Una rubrica di Alberto Beltrame
Questo non è un pezzo su di lui. Su di lui si è già scritto abbastanza. Si è già urlato abbastanza. Lo hanno raccontato, smontato, idolatrato, frainteso, studiato, ridicolizzato, temuto. Hanno fatto di lui una maschera e uno specchio, un simbolo che non chiede di esserlo. Questo non è l’ennesimo articolo sullo scandalo, sulla pochezza o sul genio. Bello Figo è lì, reale come un pugno sullo stomaco, ma anche evanescente come un riflesso in una vetrina. Brutale e leggero, diretto e stonato, tagliente e ridondante. Le interviste scorrono come fotogrammi sfocati, le stories come appunti di un sogno confuso. I social vomitano opinioni e la TV replica l’eterno déjà-vu del commento indignato. Ma qui, adesso, non serve ricordare tutto questo. C’è solo la musica. Solo il suono: Bello Figo è Battisti.
The Gynozz. Il chirurgo della trap, una lama che incide e non lascia cicatrici. Preciso, spietato, disciplinato come un artigiano che conosce ogni vibrazione del suo strumento. I beat che costruisce sono bisturi: tagliano il rumore del mondo, sezionano il caos e ne estraggono la forma pura. Sample che si ripetono come mantra, loop che entrano sotto la pelle senza chiedere permesso. Sono camionisti che passano e fischiano come in una canzone di Gimos, testimoni casuali di una città che non dorme mai. L’universo di The Gynozz è una spirale ipnotica, catene che tintinnano, bassi che pulsano come battiti del cuore. Dentro quella violenza c’è una calma segreta, un sorriso nascosto. Ogni beat è un’architettura invisibile, un edificio costruito sulla precisione. Lì dove Bello Figo esplode, The Gynozz calibra, invisibile ma presente in ogni respiro. The Gynozz é Mogol.

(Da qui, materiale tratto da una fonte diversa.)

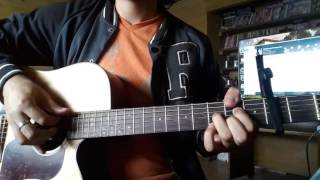 Motohiro Hata - Bokura wo Tsunagu Mono (秦基博 - 僕らをつなぐもの) chords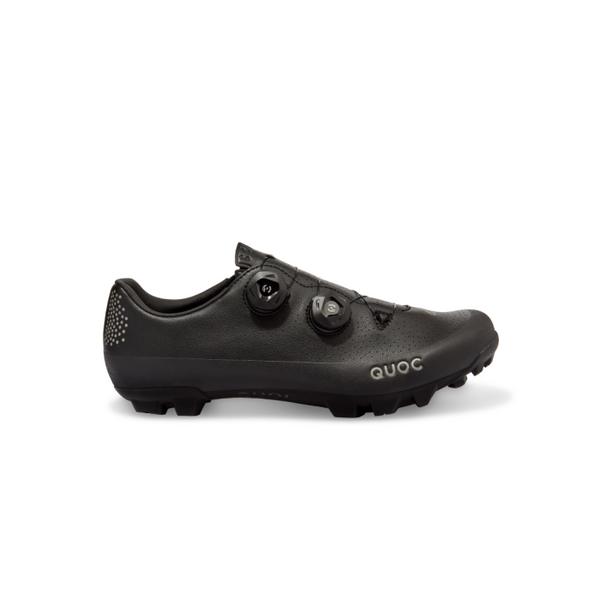 Gran Tourer XC - Black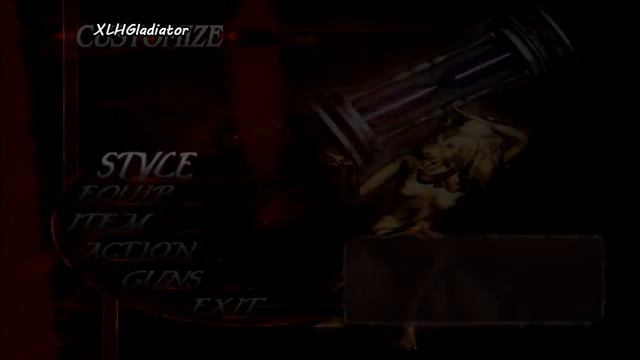 Mission 15 Dante Must Die - SS - Devil May Cry 3 смотреть онлайн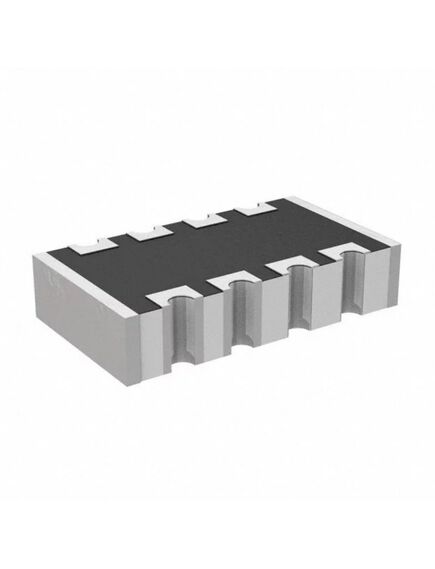 YC124-JR-07330RL, резисторная сборка smd 804 4 резисторов по 330ом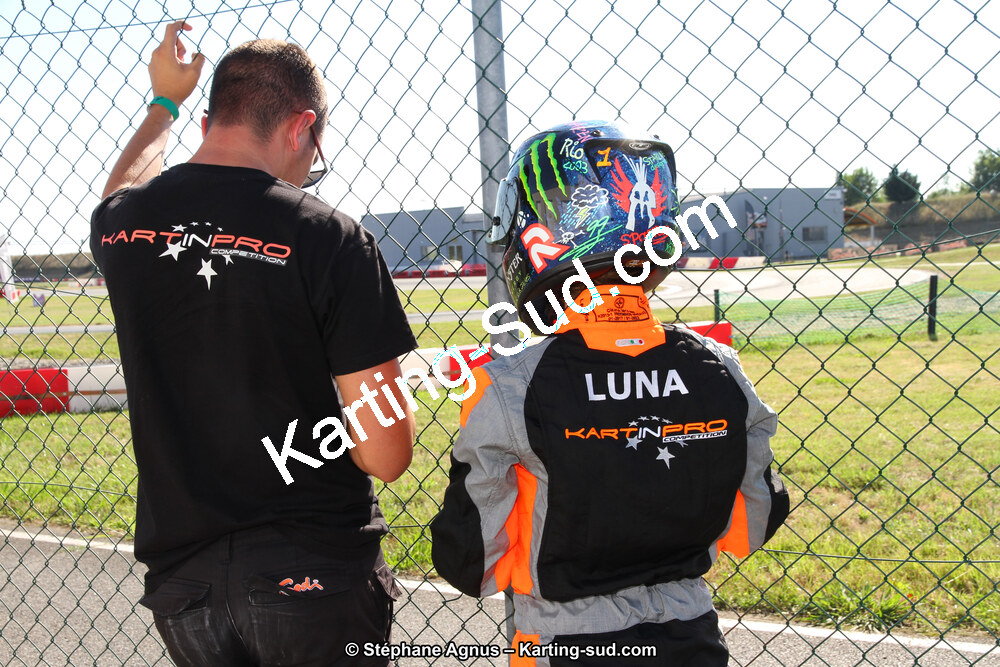 15 & 16/07/2017 : Championnat de France Rotax et Junior, Coupe de France Nationale à Muret (Photos Stéphane Agnus) 2017 — karting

Il tempo che non rallenta, la voce che si piega come un corpo che si stiracchia al sole. La città dorme sotto vetri caldi, sospesa tra motori lontani e televisori accesi. Un risveglio senza affanni, pieno di odori familiari e parole fuori posto. I videoclip scorrono uno dopo l’altro, come diapositive impazzite: bagliori, riflessi, colori saturi che si confondono. Un cuore in sovraimpressione, il beat che rimbalza tra pareti di cemento, le facce che si incrociano e spariscono in un lampo. Bello Figo diventa un cortocircuito tra realtà e finzione, tra gioco e confessione, tra parodia e verità. È il suono che riempie gli spazi, la ripetizione che diventa preghiera. Una pasta al tonno mai assaggiata prima, eppure familiare come una frase detta mille volte. E poi Gynozz, che prende quella materia grezza e la rifinisce. È il suo mondo, il nostro mondo, dove entra senza chiedere permesso, chirurgo del tempo e dello spazio. Noi restiamo lì, spettatori immobili, ipnotizzati dal loop che continua, incapaci di capire tanta precisione e coerente sberleffo di nuove retoriche accecanti.
Quando Bello Figo incontra The Gynozz succede qualcosa di magico, unico, inaspettato. Un incontro di estremi: Bello Figo, impulsivo, irriverente, corpo e voce, istinto puro. The Gynozz, chirurgico, metodico, pensiero e struttura. Insieme costruiscono un caos controllato, una dissonanza che si trasforma in armonia. Un brano può cominciare come un urlo e finire come un sorriso segreto. Ogni nota è precisa, ogni parola trova il suo posto, anche quando sembra fuori posto. Il paradosso linguistico del loro swag: troppo e nulla, sempre e mai con ritmo.
Come Battisti e Mogol, anche loro sono una coppia invisibile, perduta, lontana. Si completano nel silenzio, comunicano per frammenti, per intuizioni. L’ironia sottile, i brividi che restano sotto pelle. E noi, testimoni sospesi, ascoltatori dentro un sogno proibito. Acque azzurre, senza mai essere chiare.